Imagine the excitement of feeling what the sports car can do, such as the Taycan that reportedly can go from 0 to 60 in about 2.6 to 3 seconds, all being driven by the AI system (if ever so outfitted).
Of course, one question arises concerning where could you experience the full depth of the sports car performance?
You aren’t going to get much of a thrill presumably on freeways that limit your speed to 70 miles per hour.
Sure, you can have the driverless feature take those corners with the tires peeling and can possibly get the AI to do some modest sporty driving, but other than if you go for a ride on a closed track, you probably won’t get the full sport performance experience.
In theory, the AI system would be purposely crafted to allow only legal driving, meaning that there’s not going to be any high-speed excursions that take the car to its top speeds and go beyond the traffic laws of your locale.
One final thought involves sports car ownership.
There are some that seem to try and intertwine the self-driving car aspects of a sports car with the ownership aspects of a sports car.
In other words, the argument goes that if sports cars are self-driving, those driverless cars won’t be owned by individuals, and instead will be owned by corporations that have those self-driving cars in fleets.
I don’t ascribe to that theory.
My somewhat contrarian view is that we are going to have individual ownership of self-driving cars, including sports cars.
I argue that the money to be made by ridesharing your self-driving car will create a large cottage industry of people aiming to make some bucks from their driverless cars. While you are at work or asleep, your self-driving car will be roaming the streets and making money for you.
Therefore, I vehemently disagree with the assertion that if sports cars do get outfitted with self-driving tech that it means the death knell for sports car ownership by individuals.
It would perhaps surprisingly promote individual ownership, potentially making the high-end expensive sports cars financially available to those that heretofore could not afford one.

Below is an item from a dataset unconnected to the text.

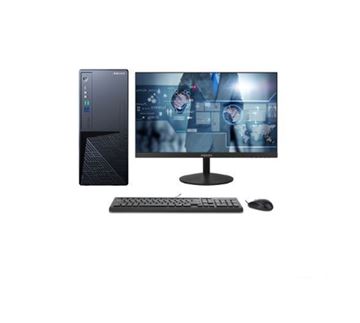 图片 清华同方（THTF）台式电脑/超越E500-11180 Intel酷睿 I3-9100(3.6GHz 6M 65W)/ 4G DDR4/1T硬盘/集卡/DVDRW/清华同方OPENTHOS/21.5显示器/三年保修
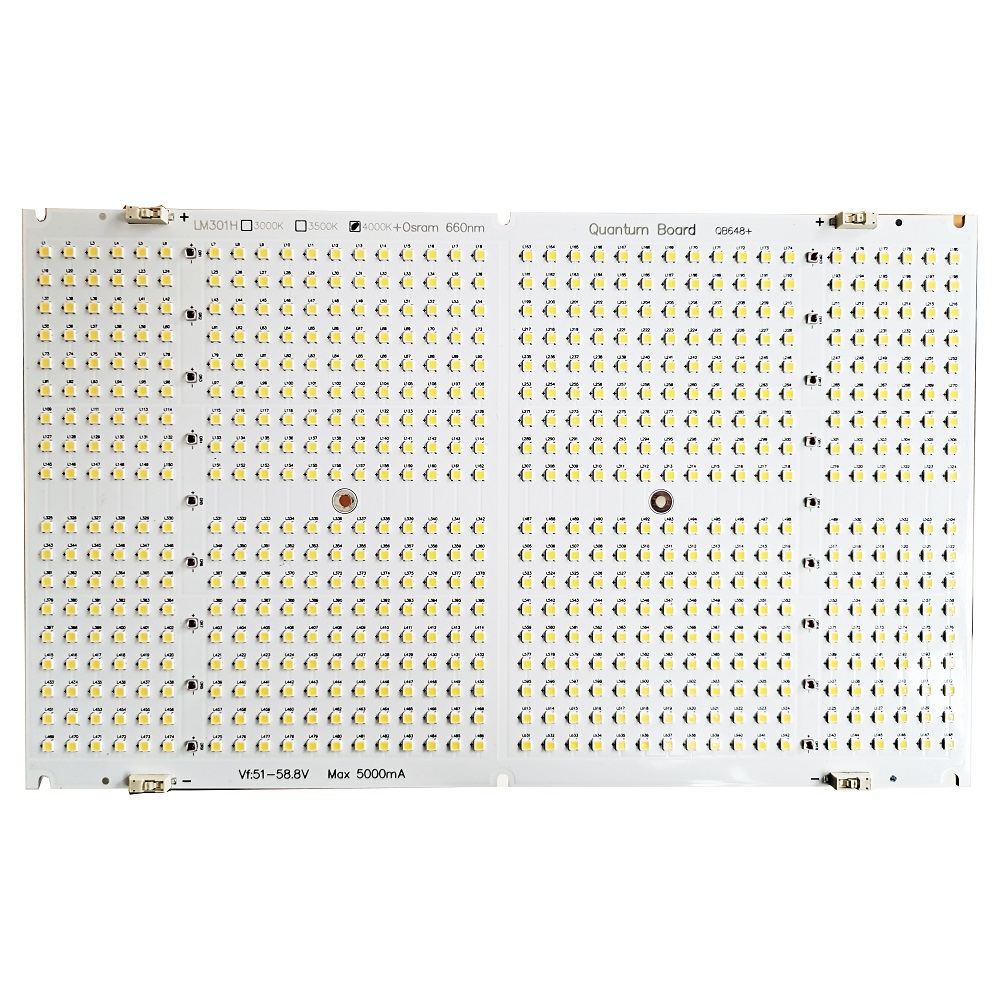 Самые горячие Samsung LM301H LED PCBA спектр исправить Diablo LED QB648 доска для панели растут огни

That does raise a whole another topic, namely whether sports cars will lose their prestige and panache if it turns out they can be driven by AI and undermines the belief by some that driving a sports car is a uniquely human attribute.
I’m sure that there are those in the high-end sports enclave that would be dismayed to think that just any everyday commoner might soon be able to go for a ride in a fancy sports car, and if so, wonder how such a change might impact our societal perception of sports cars.
For the moment, those of you that love your sports cars, make hay while you can, though please do so safely.